Ela Kruk, Ela Kruk – skandował po jej przemówieniu ze sceny przewodniczący Sejmiku Województwa Lubelskiego Michał Mulawa. Ale to druga na liście do Parlamentu Europejskiego Beata Mazurek miała więcej fanów na widowni zebranej podczas lubelskiej konwencji wyborczej PiS.
W sobotę kilkuset działaczy i sympatyków partii rządzącej z całego województwa przyjechało do Lublina.
Kilkanaście minut przed rozpoczęciem konwencji wśród zebranych bryluje właśnie Beata Mazurek. Do wicemarszałek Sejmu i rzeczniczki PiS ustawia się kolejka chętnych do wspólnej fotografii. – Zrób mi zdjęcie – prosi swojego kolegę górnik w odświętnym stroju wkładający na głowę czako.
W fotelach Centrum Kongresowego Uniwersytetu Przyrodniczego siedzi kilku panów trzymających przed sobą banery z nazwiskiem Mazurek. – Nad głowę, nad głowę – komenderuje mężczyzna robiący im zdjęcie. – No i posada pewna – żartuje głośno się śmiejąc.
Najbardziej oczekiwanym gościem był jednak Jarosław Kaczyński. Prezes PiS w swoim wystąpieniu podkreślał różnice między swoją partią, a Platformą Obywatelską. Najwięcej uwagi poświęcił walucie euro, która w przyszłości miałaby zastąpić złotówkę. Przekonywał, że Polska nie jest gotowa na takie zmiany. – Niezależnie od tego jaki będzie mechanizm przyjęcia euro, to w ten czy inny sposób na tym stracimy – mówił Kaczyński. – Nasze zwycięstwo w tych najbliższych wyborach, nasze zwycięstwo w wyborach parlamentarnych na jesieni będzie gwarancją, że w tej sprawie postąpimy racjonalnie i zgodnie z naszymi interesami.
Prezes PiS dodał, że wprawdzie traktat akcesyjny zobowiązuje Polskę do przyjęcia euro, ale nie wyznacza terminu. – Euro kiedyś przyjmiemy, bo takie mamy zobowiązanie, a jesteśmy i będziemy w Unii Europejskiej. Ale przyjmiemy wtedy, jeżeli będzie to w naszym interesie.
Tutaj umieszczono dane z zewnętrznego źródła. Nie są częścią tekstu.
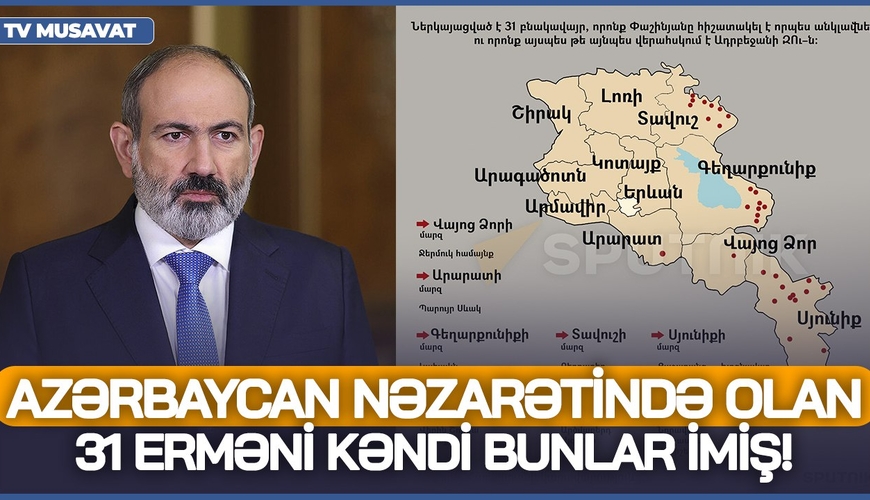 Azərbaycan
A w naszym interesie będzie to wtedy, kiedy osiągniemy poziom przynajmniej bardzo zbliżony do Niemiec – dodał.
Konwencja regionalna PiS w Lublinie
Kaczyński oficjalnie zareklamował także liderkę lubelskiej listy w wyborach do Parlamentu Europejskiego Elżbietę Kruk: – Potrafi walczyć, jest twarda, jest uparta aż do przesady. I takich ludzi potrzebujemy w Unii Europejskiej – powiedział.
Lider Prawa i Sprawiedliwości przypomniał także poprzednie wybory do europarlamentu w woj. lubelskim. – Tutaj było tak jeśli chodzi o wybory europejskie, że troszkę brakło szczęścia. Wybierany był pan, który jak tylko wchodził do Parlamentu Europejskiego to natychmiast wybierał własną drogę, chociaż polityka to działalność zbiorowa – mówił Kaczyński.
Chodzi o Mirosława Piotrowskiego, który pięć lat temu wprawdzie startował z 2. miejsca na liście PiS ale i tak pokonał jedynkę – promowanego przez prezesa partii Waldemara Parucha, a następnie jego drogi z PiS się rozeszły.
Do gości zebranych w Lublinie przemawiał także premier Mateusz Morawiecki.
Na zakończenie odbyła się prezentacja całej dziesiątki kandydatów w wyborach do Parlamentu Europejskiego. A są to: 1. Elżbieta Kruk, 2. Beata Mazurek, 3. Tomasz Solis, 4. Barbara Barszczewska, 5. Krzysztof Szulowski, 6. Sławomir Zawiślak, 7. Andrzej Stanisławek, 8. Witold Rewera, 9. Ewa Szałachwiej, 10. Marcin Duszek.